Since “Call Me Maybe,” I’ve become more annoyed at how egotistical so much pop is. So many songs are only commentaries on the artists’ own celebrity, whether it’s addressing their “haters,” talking up their own skills, or lashing out at the media that covers them. I never quite know what I’m supposed to get out of that as a listener. Am I supposed to care that a very popular artist apparently has haters, or about how they’re living it up in NYC? Even the catchiest chorus can’t make up for not caring about the artist’s lyrics and personality.

Part of the appeal of Jepsen’s new album, Emotion, is how it avoids these self-involved pop tropes and instead focuses on the sort of lyrics that have been the bread-and-butter of pop music forever, about love, falling in love, loving love, and various other love-based things. This has been perceived by some as a flaw in Emotion — that its songs are too blank and don’t reveal enough about Jepsen herself — but in the current landscape I find it to be a strength, an antidote to the increasingly viral nature of pop. When so much pop is about branding and being a phenomenon, the focus Emotion puts on crafting actual songs gives it a humble, even admirable quality.

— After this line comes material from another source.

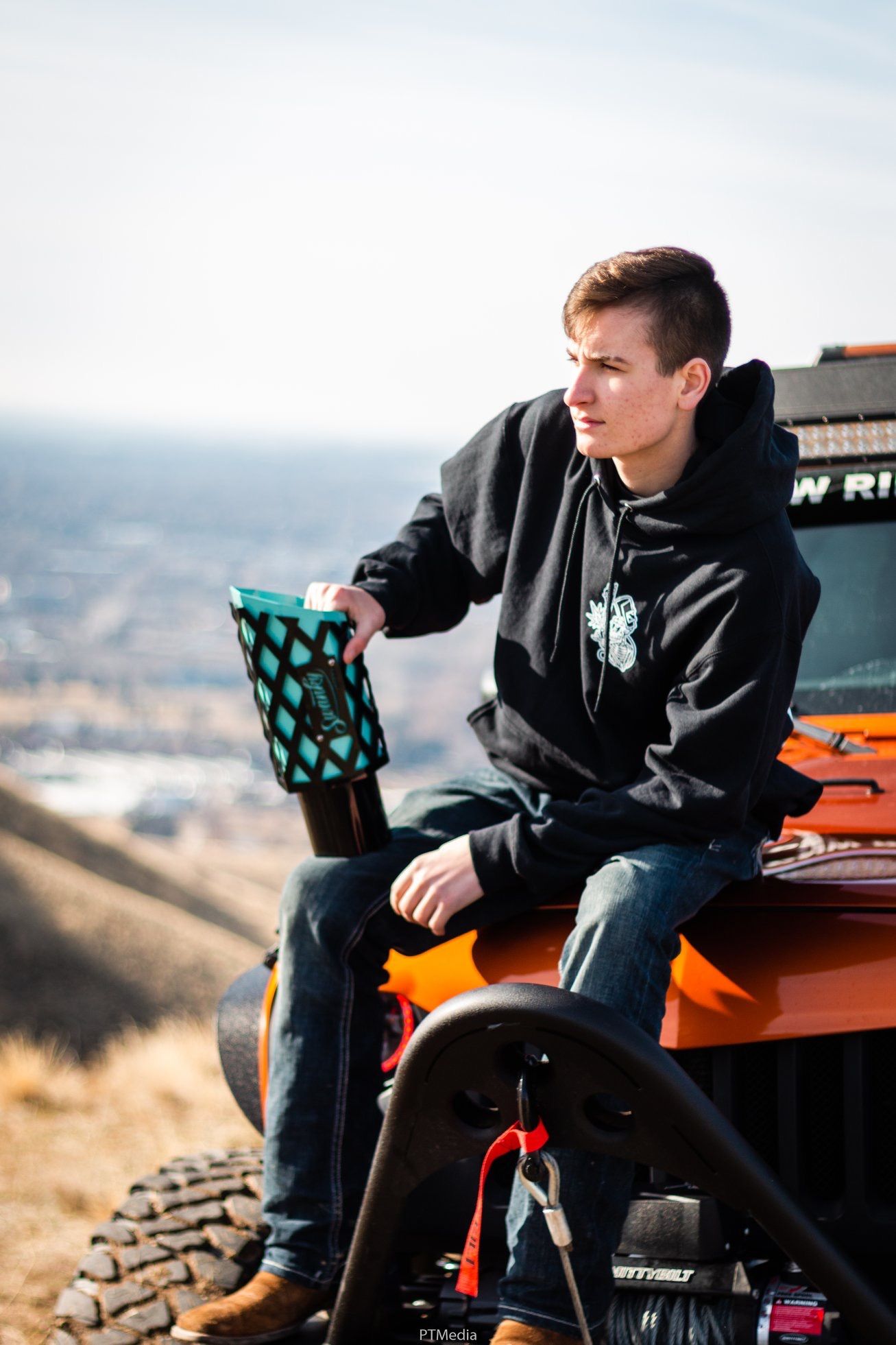 Person in black hoodie sits on orange off-road vehicle holding turquoise drink cup against scenic mountain backdrop.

And it helps that the craft on Emotion is really, really, really good. Jepsen reportedly wrote a massive number of songs, working with an army of producers at several recording studios before picking out the best ones for the album. This lengthy recording process is the opposite of what was expected of her after “Call Me Maybe” blew up and she rushed out her previous album. When she was already being predicted as a one-hit wonder, the logic was that she should strike while the iron is hot, before people forgot who she was. Instead, she took her time to make sure the songs fit together and sounded the way she wanted, which is why Emotion feels like a single artistic vision despite the cavalcade of personnel attached to it.

Emotion won’t yield a “Call Me Maybe” level hit, but that isn’t the point. Jepsen’s goal was to make a pop album (yes, an album) that sounded timeless, that wasn’t the product of novelty. Given some of the gems on this album like “Run Away With Me,” it’s hard to argue that she didn’t succeed.